The ghatam, one of the most ancient percussion instruments of South India, is a mud pot with open and narrow mouth. Known as Noot in Kashmir and Mudki in Rajasthan, it was used more or less in folk dance music. But in Southern India, it has become an highly sophisticated instrument, played at concert level.
The Ethnic Percussion ghatam includes in construction all possible knowledge to transfer a clay form -like indian ghatam- to a speaker, according to standards of his tradition. Also Ethnic Percussion ghatam has been used in music performances at Chennai from the musician Vikku Vinayakram.
The Ethnic Percussion Ghatam-Udu is a unique idiophone instrument made in the workshop owned by Anastasia Mamali. This instrument offers to the musician the posibility of using the ghatam strokes in fingers while keeping the worm base sound of an udu drum.
The Ethnic Percussion udu drum is based on the traditional African form of musical instruments. Greek clay with admixtures ensures the most in durability of the instrument and the clarity in sound. The clay mixture and the well designed form, bring out easily the deep and warm base sound as well as a range of high tonalities.
The tabla constitutes a vital part of Indian music, especially in the North India, and no concert, either vocal or instrumental, can take place without a pair of tabla. It consists of two drums, the bayan played with the left hand and the dayan played with the right hand. The clay tabla, mosty the bayan, has been used, mainly because it produces an excellent sound. The Ethnic Percussion Tabla is crafted with exceptionally hight quality standards.
Mridangam is the most popular classical instrument in South India. Literally it means: The clay drum. The Ethnic Percussion mridangam is based on the acoustic prototypes of this tradition.It has also been played in Chennai by the famous N.Ramakrishnan.
The greek doumbek, which is played in certain areas of Greece, is associated with traditional folk music, accompanying singers and wind instruments. The Ethnic Percussion Greek darbuk is a result of survey and reviving of these instrumets that were in use till late 19th to early 20th century.
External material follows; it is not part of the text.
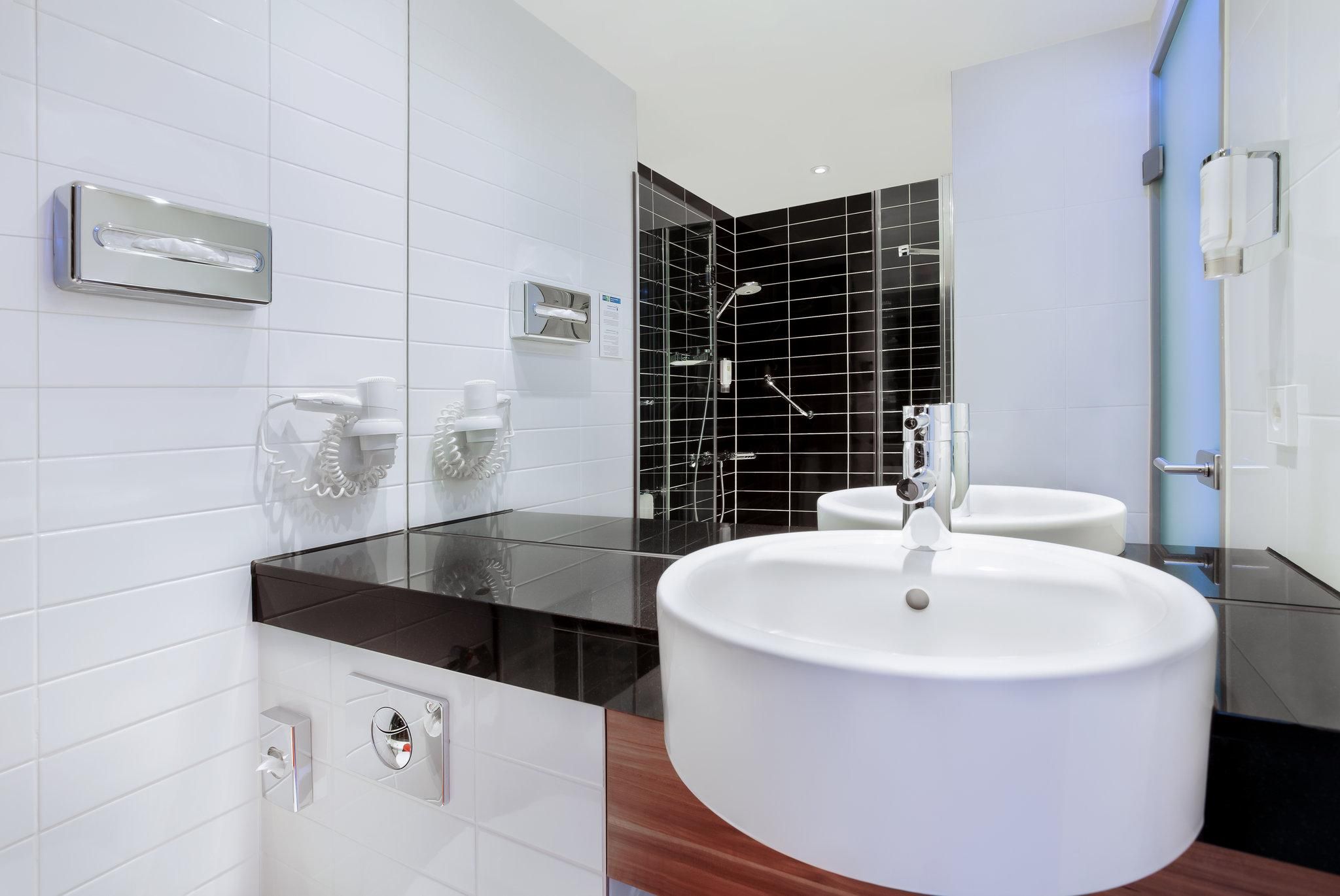 2 Twin Beds Standard Court Yard View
Increasing demand for this revived instruments among professional musicians is only an indication of the dynamic results in oriental sounds under forceful performance or studio work.
The Ethnic Percussion arabic darbuk (darbuka), size of leather surface from 7 to 11 inch, is tied in the traditional way or with metalic rings.The very first big one –doholla– was made for musician, Hossam Ramzy, used in his tour in the USA. At the Ethnic Percussion workshop a musician can contribute by taking part in the final design of the instrument, and adapt the different details in construction to his/her taste.
The zarb(or tombak) is a unique goblet drum, originally made for classical Iranian music, becomes a challenge to the new percussionists demanding skilfull techniques and sensitive playing.
The Ethnic Percussion zarb follows the constructive details as recommended by today’s famous Iranian musicians, the Trio Chemirani.